夢を現実に―憧れだった外交官として国際舞台で活躍する

2016年卒業

広島市立基町高等学校

外務省 総合外交政策局 新安全保障課題政策室

私は幼い頃からトルコで働く叔父の話を聞き、文化・価値観が異なる異国の地で仕事をすることへの憧れを持っていました。始めは外国への憧れから、大学で国際法ゼミに所属し、模擬裁判を通じて、国際社会における政治・社会情勢及び法律の違いから生じた様々な紛争とそれらを規律するルールについて学びました。その中で、国際社会で日本を代表して各国と調整を行う外交官に憧れを持ち、在学中に外務省専門職の試験を受験しました。しかし、実力及ばず不合格となり、卒業後は国税専門官として勤務いたしました。非常にやりがいのある仕事ではありましたが、外交官として働くことを諦めきれず、再挑戦し、2018年採用通知をいただきました。
現在は“研修生”として、研修言語であるアラビア語を学習しながら、経済、技術、サイバーその他の事項に関する新たな安全保障上の課題に関する業務を所掌する部署で働いております。また、2019年は「即位の礼」の業務にも携ることができました。研修生の立場ではありますが、日本外交の一端に携ることができているのは非常にやりがいがあります。
私は卒業論文で、「サイバー空間における既存の国際法の適用」をテーマに書いたのですが、幸運にも初めての配属先が「宇宙・サイバー政策室(*現在は機構改革により、「新安全保障課題政策室」)」という部署でした。自分が研究した分野で、実際の現場に携ることができるのは非常に感慨深いものがあります。
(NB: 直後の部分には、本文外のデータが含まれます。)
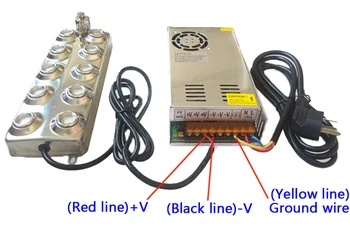 Търговска блокада туманообразователь, домакински електрически овлажнител на 10 глави, ултразвуков инхалатор CL-10D48-2 4,5 кг/ ч,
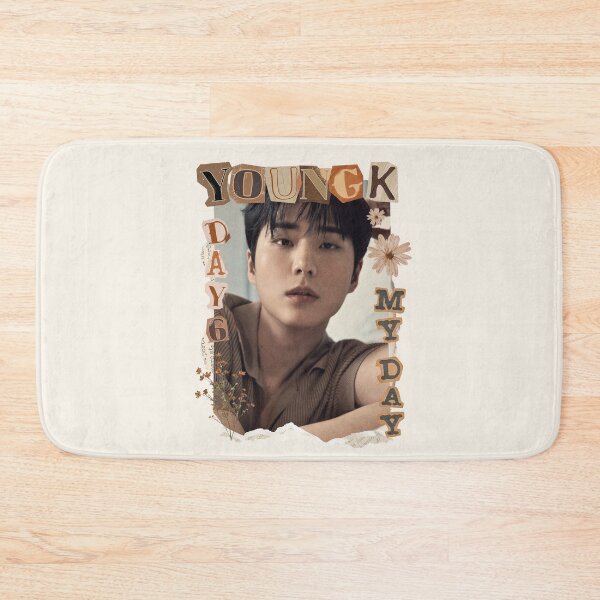 Item preview, DAY6 Young K Members Retro Scrapbook Brown Collage Design designed and sold by HELL0WBELLO.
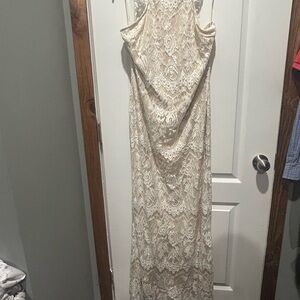 Elegant Bohemian Ivory Lace Maxi Bridal Dress NWT 3x but runs 16/18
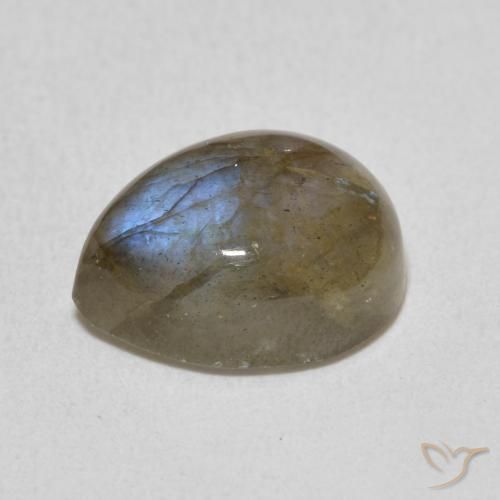 3.75克拉天然拉长石，梨形，半透明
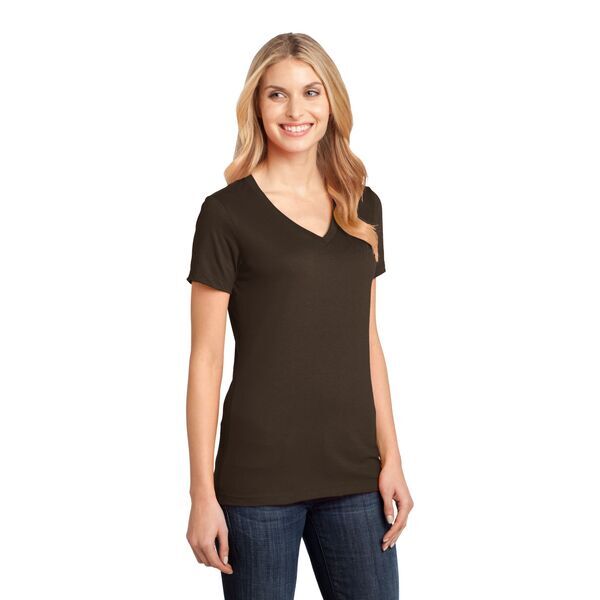 District Made® Perfect Weight® Ladies' V-Neck Tee
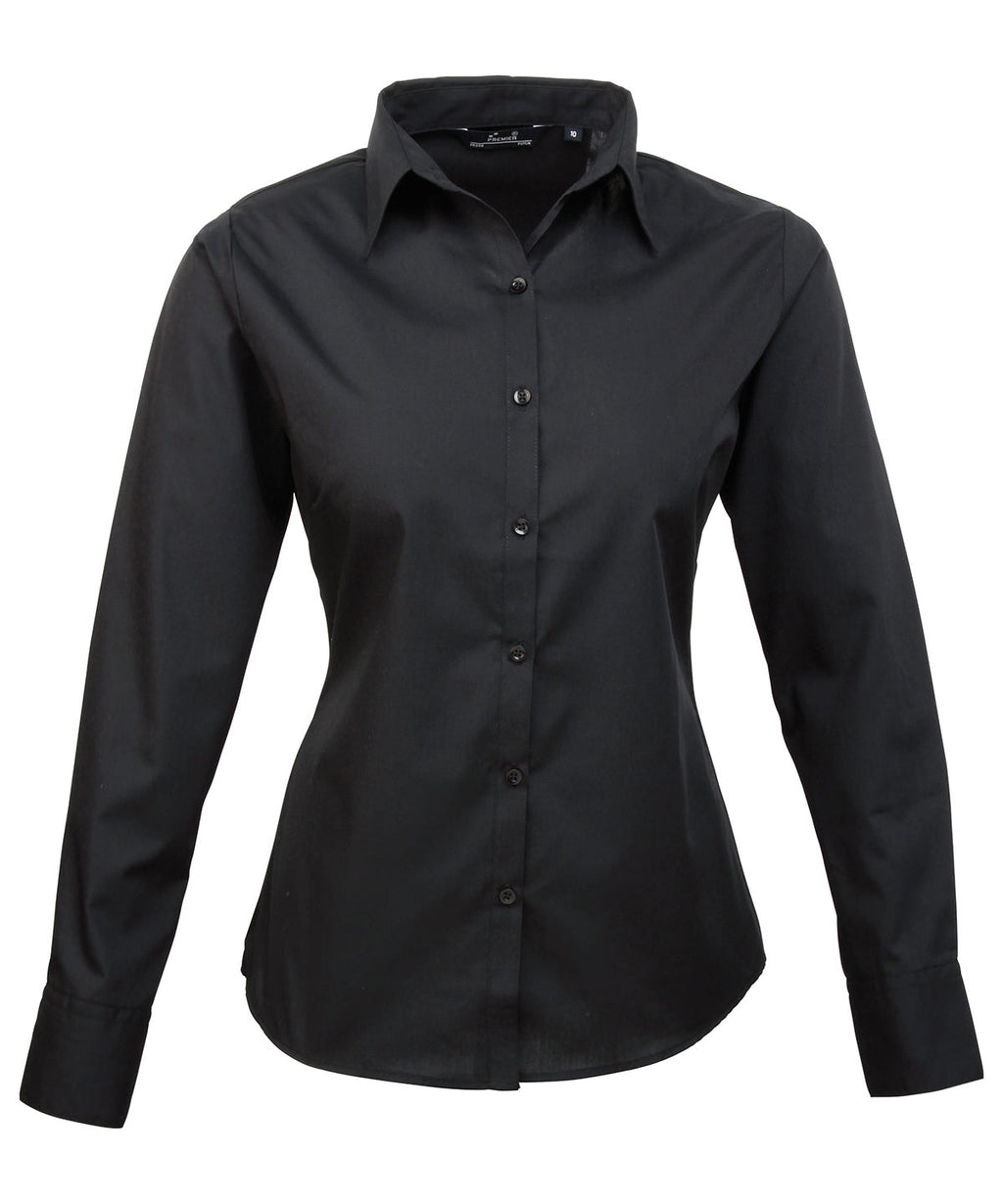 PROMOBEE Naisten Poplin LS kauluspaita alk 18,90€ alv 0%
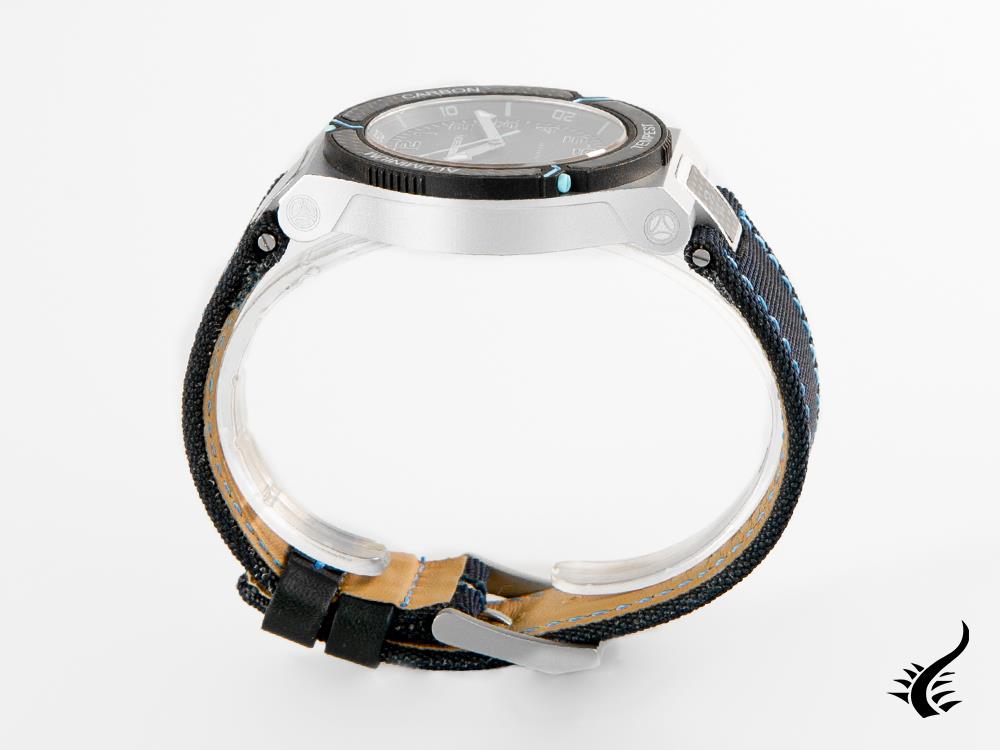 Momo Design Tempest Young Quartz Watch, Sandblasted Aluminium, MD2114AL-13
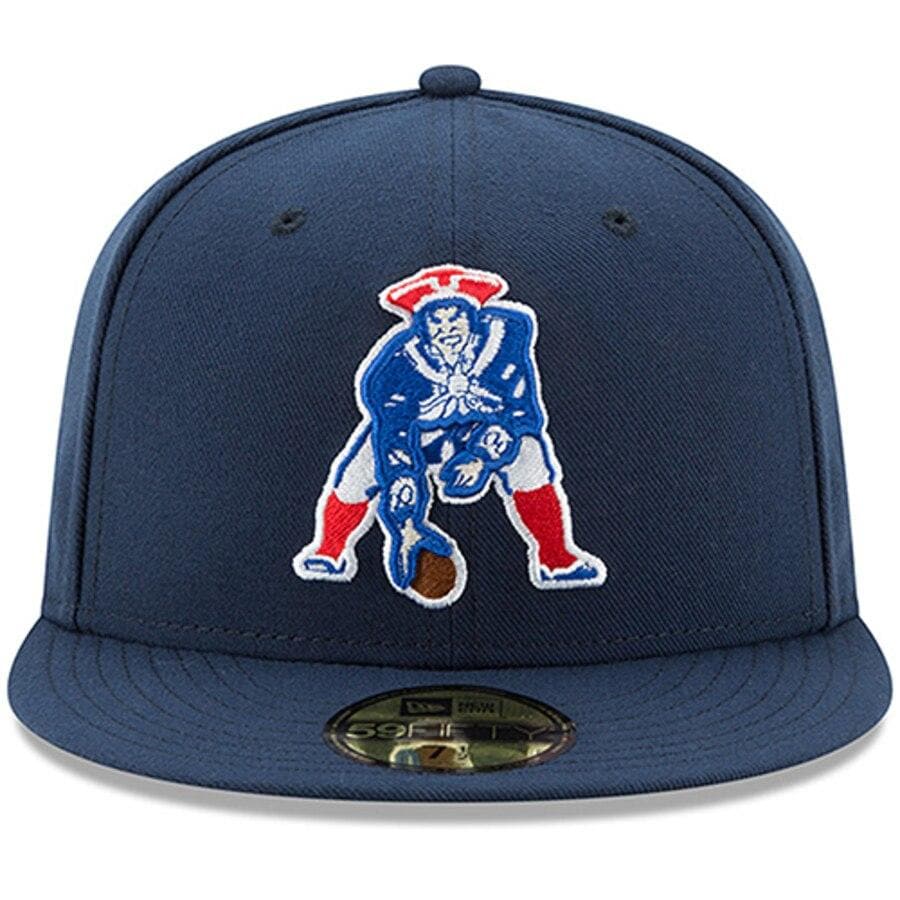 New Era New England Patriots Classic Logo Omaha 59FIFTY Fitted Hat
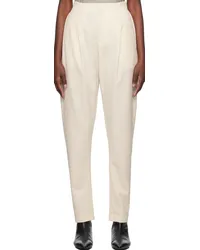 Issey Miyake Off-White High-Rise Trousers 02-off-white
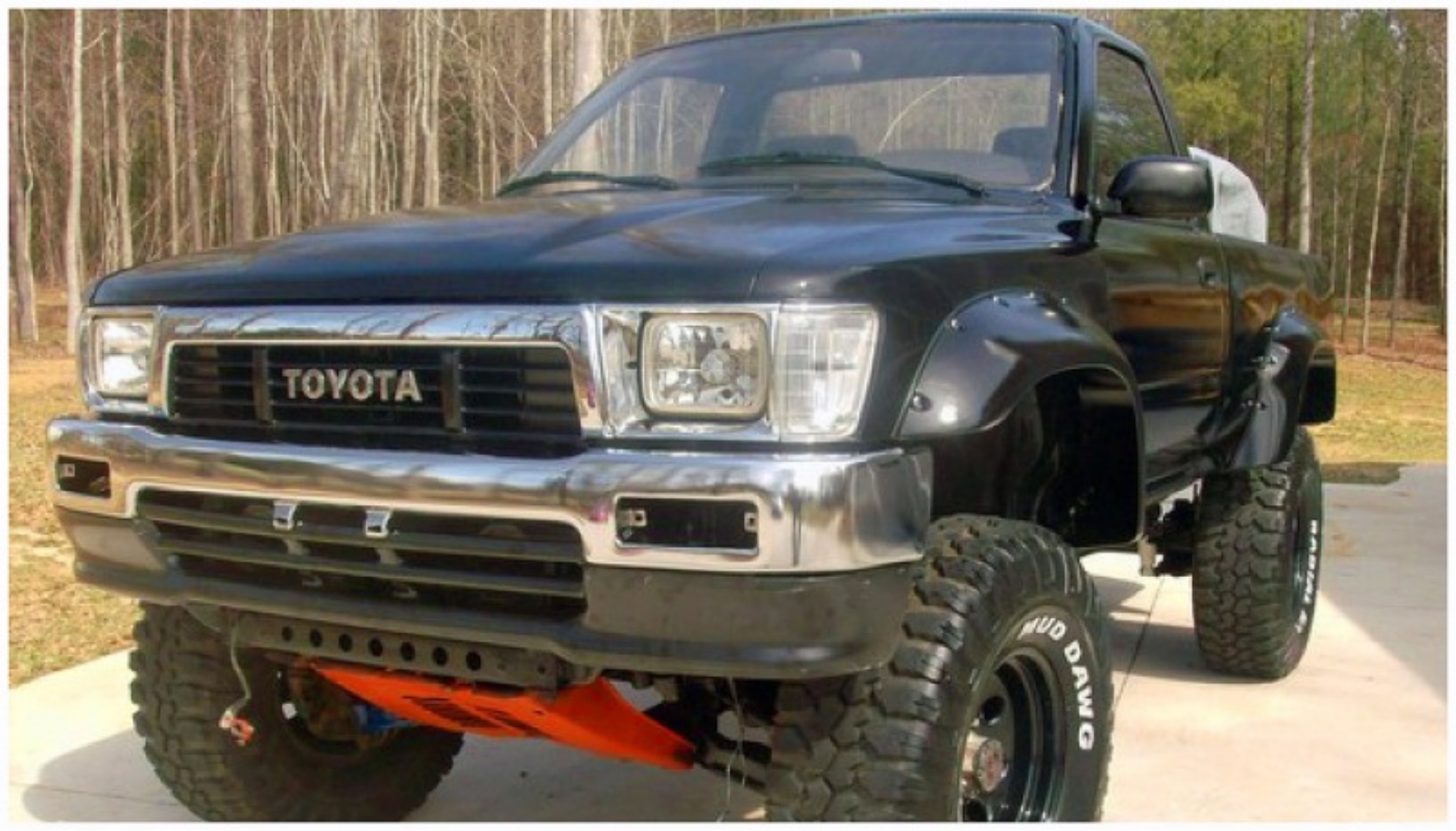 Picture of Bushwacker 89-95 Toyota Cutout Style Flares 2pc - Black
国際法模擬裁判にも熱心に取り組みました。2年生の後期に国際法模擬裁判サークルに加入し、模擬裁判大会の答弁者として参加させていただくこととなりました。ただ、急ごしらえの知識では、太刀打ちできず非常に悔しい思いをしました。それからは、様々な教科書、論文に当たり、理論を組み立て答弁を行う一連の作業を自主的に行うことで、自分が興味関心のある分野を研究することの喜びを知ることができました。模擬裁判の準備では、事実の認定、規範定立、事例に対するあてはめを論理的に行います。(現在でも満足できるレベルではありませんが、)そうした中で身につけた論理性は、私にとって非常に重要な財産です。
今後、本省での研修、アラビア語圏で在外研修を終えると、在外公館での勤務と本省勤務を繰り返すこととなります。研修を終えた時点で求められるレベルは、アラビア語の通訳官として十分に業務をこなすことができることが目安となります。在外公館は、外国と外交を行う上で重要な拠点ですので、職責を全うするためにも初心を忘れず常に向上心を持ちと自己研鑽に励みます。
法律は、私たちの生活のありとあらゆる分野を規定しており、紛争解決の一手段に過ぎない一方で、社会の中でその必要性がなくなることはありません。現実社会と密接に結びついている規範について学ぶことで、世の中で起こっていることをより深く知ることができます。また進路についても、外交官を始めとした行政機関、司法、民間企業の法務部、会計士、税理士など様々なフィールドに開かれています。大学で何をやりたいかまだ決まっていない人にこそ、法学部で自分が関心のある分野を見つけ、そこからさらに知識を深めていただければと思います。